Yes: Even if China and India Refuse to Join

The Philadelphia Inquirer

It seems as if proponents of tough measures on climate change have fallen on hard times.

President Obama, who campaigned for strong U.S. leadership to fight global warming, has backpedaled. The Senate, preoccupied with health care and a troubled economy, hasn't made climate change a priority. Majority Leader Harry Reid of Nevada says the Senate may not vote on the issue until well into 2010 - long after this week's meeting in Copenhagen on climate change.

Meanwhile, atmospheric temperatures over the past few years haven't continued their steady upward climb, effectively idling Al Gore in that cherry picker he used so effectively in An Inconvenient Truth. Has global warming hit the back burner with barely a pilot light to keep it warm? Keep an eye on that pilot light. Those stalled atmospheric temperatures may have to do with decades-long cycles in the movement of warm and cool oceanic waters.

Recent efforts to model these cycles predict, with considerable accuracy, the global temperature plateau. They also predict a continued, overall warming trend in the long-term as carbon dioxide and other greenhouse gases accumulate in the atmosphere.

Meanwhile, in the policy arena, numerous retired U.S. military leaders are calling climate change a "threat multiplier." Among other concerns, the Pentagon is pondering the consequences of chronic failed harvests and shrinking water supplies in such unstable countries as Somalia, Sudan, Kenya, and Nigeria. Think social unrest, mass migrations, breeding grounds for terrorists.

Leaders in China, India, and Pakistan are mindful of these risks, too. They are among the countries most likely to suffer from water scarcity as climate change dries up mountain snowpack and disrupts the monsoon season.

Yet, China and India, the two largest greenhouse gas emitters in the developing world, steadfastly refuse to sign any agreement requiring cuts in their own emissions. So why should the United States sign an agreement that other major emitters reject? The answer depends on the pact that replaces the Kyoto Protocol.

Using the House cap-and-trade bill as a benchmark, the United States would agree to "Kyoto-lite" - a set of targets and a timetable that is arguably weaker than the provisions agreed to by most advanced industrialized countries in 1997. And in all likelihood, the final bill that lands on Obama's desk will be even less stringent than the House version.
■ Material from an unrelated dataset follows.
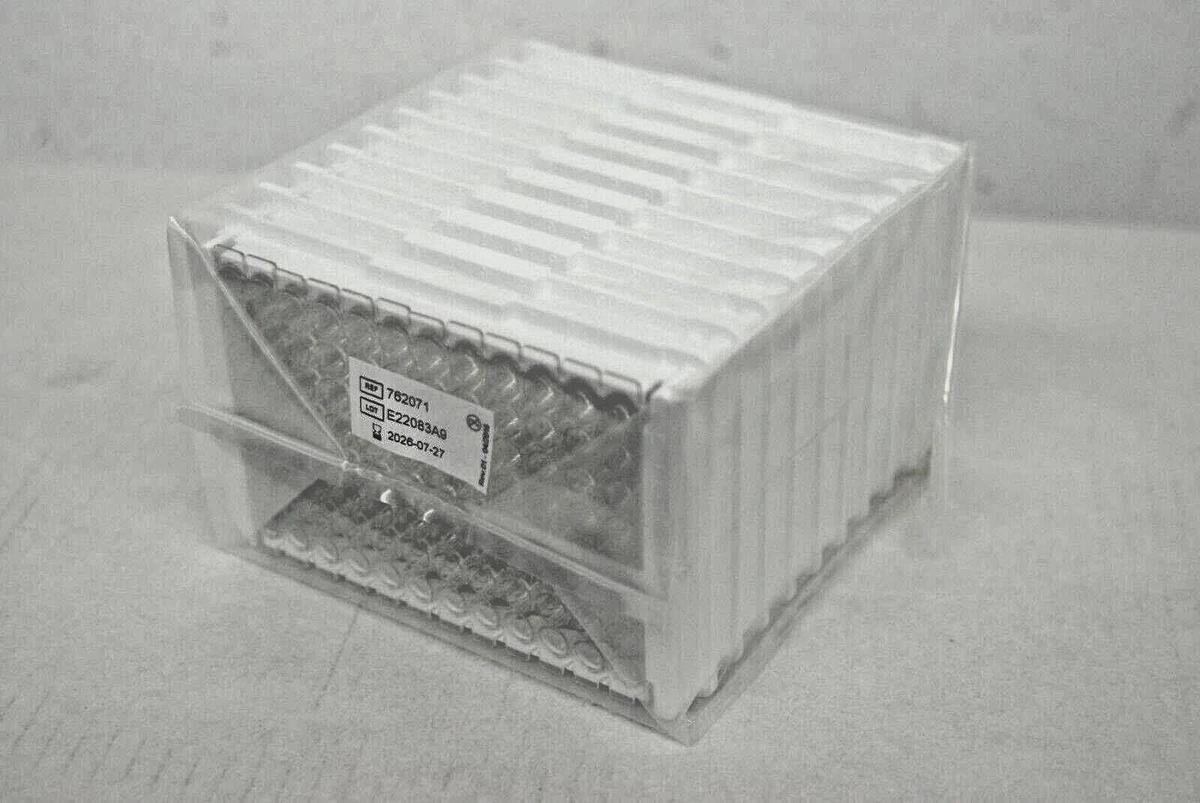 Used Greiner 762071 Strip Plate 12xF8 PS F-BOTTOM CLEAR MICROLON HIGH BINDING 100ct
The United States could justify its insistence on Kyoto-lite because in sheer volumetric terms, it may end up agreeing to reduce more greenhouse gases than any other single nation. America will also be a big contributor to a future financial/technology aid package for developing countries that need help adapting to climate change.
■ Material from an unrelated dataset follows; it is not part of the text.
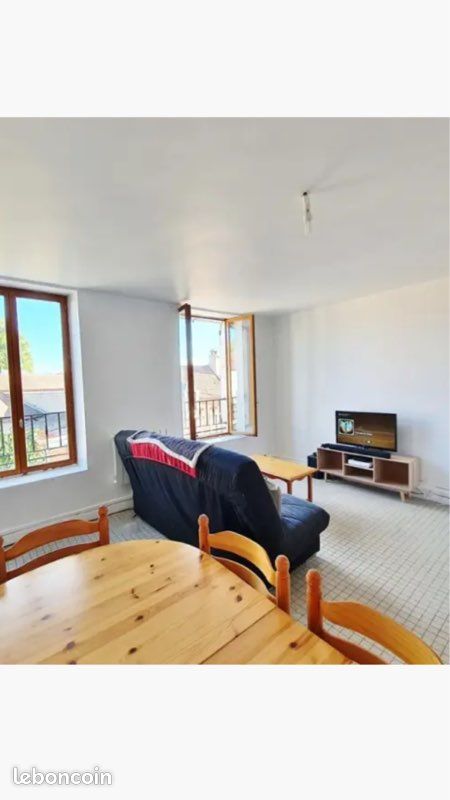 Appartement 2 pièces 45 m² · à Donzy · 45 m² · 360 €/mois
An international agreement requiring the United States to do what it intends to do anyway, with or without China and India as treaty cosigners, is better than a feeble, "lowest common denominator" agreement that gets China and India on board, but requires no real action.

The United States, China, and India could turn out to be climate heroes if they put their minds to it. Some tantalizing assets are in place.
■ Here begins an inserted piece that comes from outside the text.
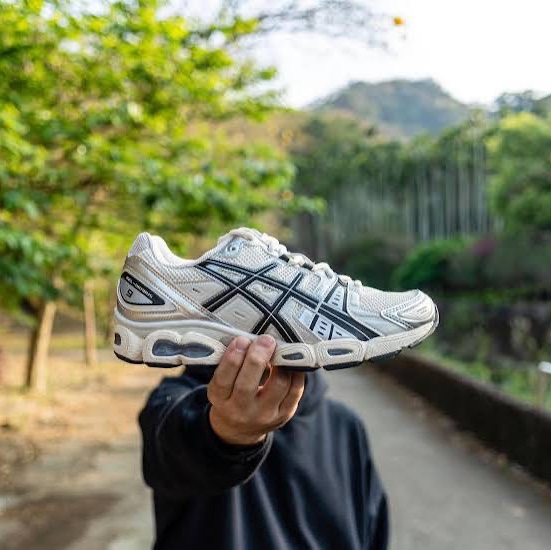 Asics Gel-Nimbus 9 Cream Black 착용 스타일 - 1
In fact, China is getting smarter about how it produces and uses energy. Everything from high-tech furnaces at steel mills to newly insulated office buildings is saving energy in China.

China's solar-power and wind-turbine industries compete fiercely with U.S. firms for global market share. Meanwhile, in India, Tata Motors' peppy Nano minicar gets 65 m.p.g., and new alternative-fuel and electric-battery models are in the works.

With that kind of ingenuity and their newfound wealth, China and India, in partnership with the United States, could go a long way in fighting global warming, with or without a resounding diplomatic triumph at Copenhagen.